● **Collected data**

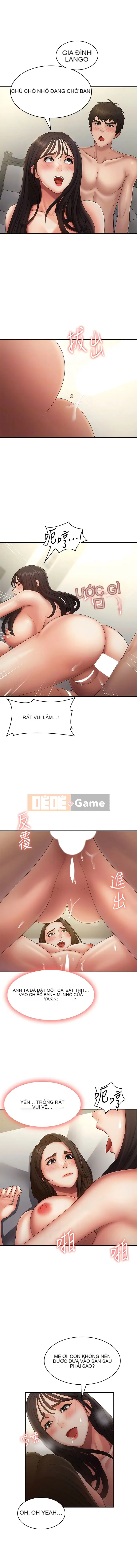 Dì vị thành niên Chương 72-73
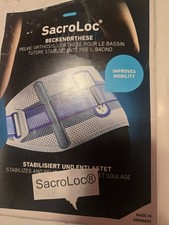 BAUERFEIND SIZE 4 SACROLOC PELVIC STABILIZING...
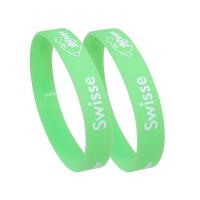Des bracelets en silicone imprimés pour le sport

● **Task details**
Copy the listing above in full and exactly, but omit each picture that it holds.

● **Solution to this problem**
 Dì vị thành niên Chương 72-73
 BAUERFEIND SIZE 4 SACROLOC PELVIC STABILIZING...
Des bracelets en silicone imprimés pour le sport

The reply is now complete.